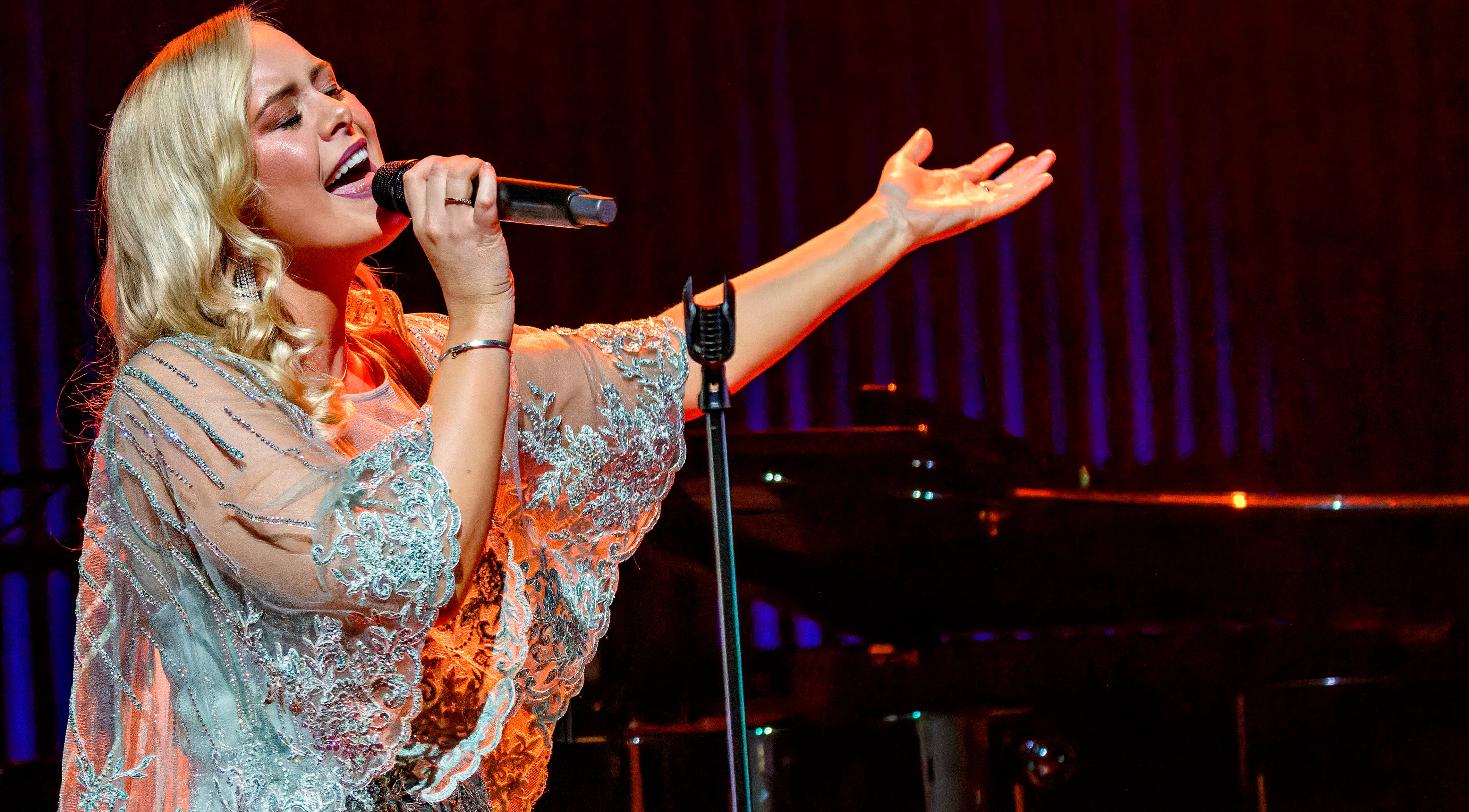 Da hun begyndte at synge godnatsange, var anmelderen på nippet til at tage en skraber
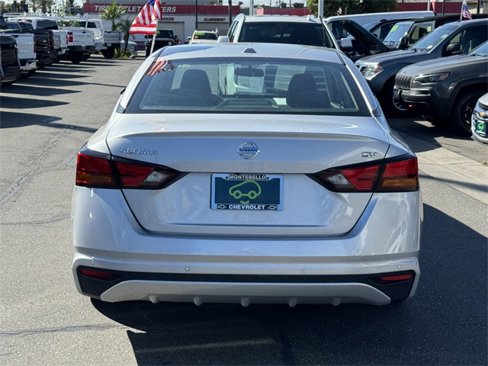 Used 2022 Nissan Altima 2.5 SV image 3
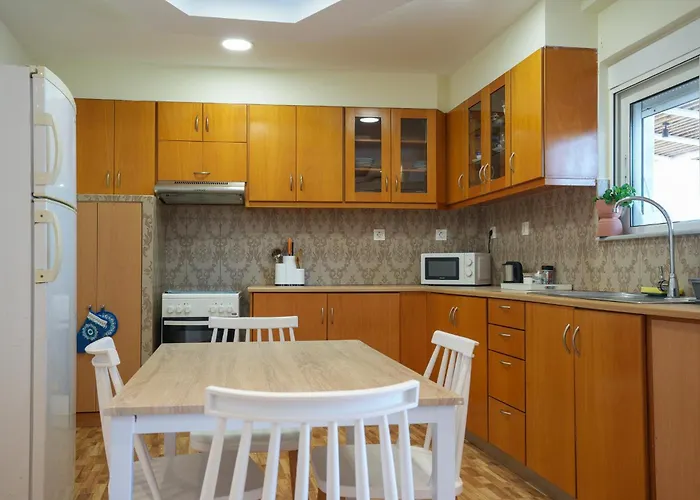 Appartement Katerinas Garden Kámpos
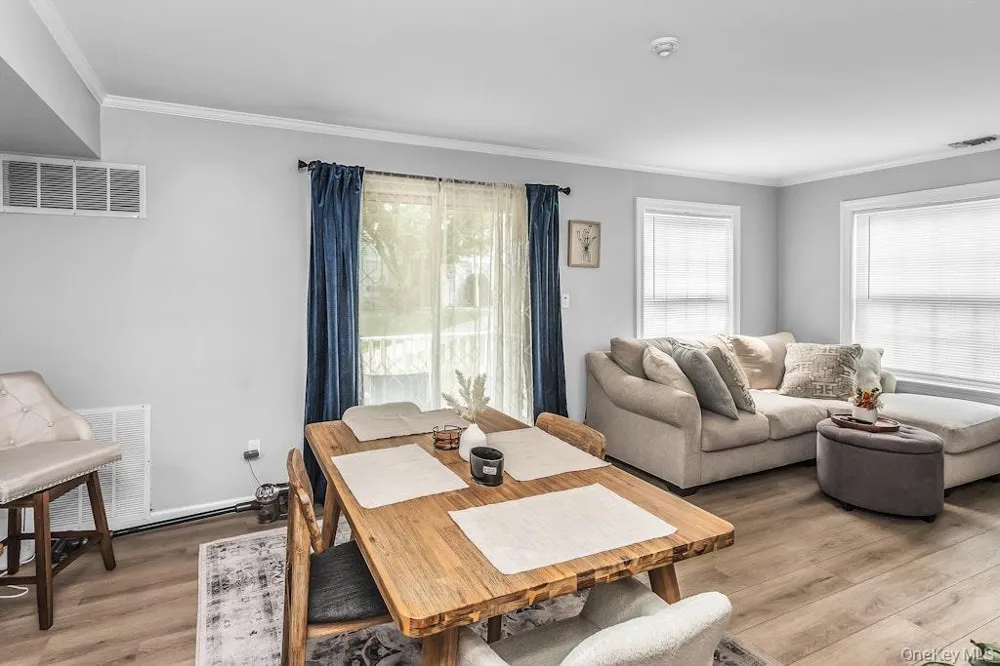 282 Fairview Circle Middle Island, NY 11953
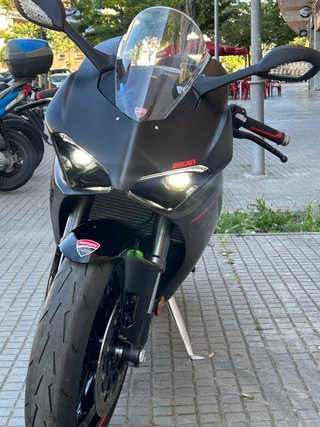 Ducati Panigale V2 Negra 2024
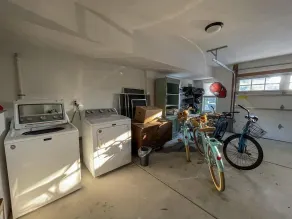 Pet Friendly Carriage House Walkable to Beach - Image 3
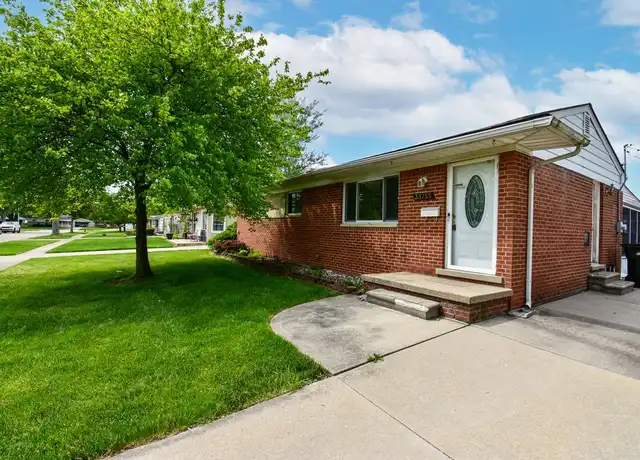 Property at 33755 Newport Dr, Sterling Heights, MI, 48310, 3 beds, 2 baths, [object Object]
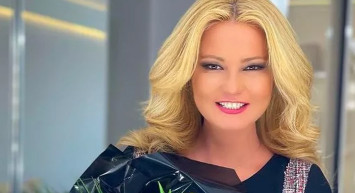 Sürpriz bir şekilde evlenen Müge Anlı’nın kızı Lidya Akdağ ortaya çıktı! Görenler şaşkınlığını gizleyemedi ‘Aynı annesi...’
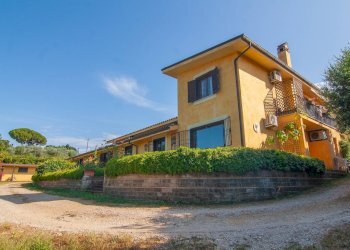 Foto 2 - Villa strada provinciale 26a
 
274, Montelibretti - foto 2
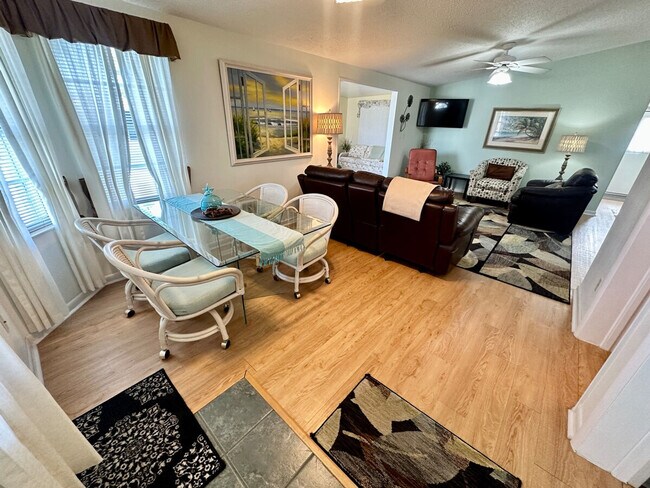 Building Photo - 564 Nettles Blvd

**Task details**
Keep to the stretch from the line containing "Used 2022 Nissan Altima 2.5 SV image 3" through the line containing "Foto 2 - Villa strada provinciale 26a", both ends included, and copy it exactly from the listing above, minus the pictures.

**Result below**
 Used 2022 Nissan Altima 2.5 SV image 3
 Appartement Katerinas Garden Kámpos
 282 Fairview Circle Middle Island, NY 11953
 Ducati Panigale V2 Negra 2024
 Pet Friendly Carriage House Walkable to Beach - Image 3
 Property at 33755 Newport Dr, Sterling Heights, MI, 48310, 3 beds, 2 baths, [object Object]
 Sürpriz bir şekilde evlenen Müge Anlı’nın kızı Lidya Akdağ ortaya çıktı! Görenler şaşkınlığını gizleyemedi ‘Aynı annesi...’
 Foto 2 - Villa strada provinciale 26a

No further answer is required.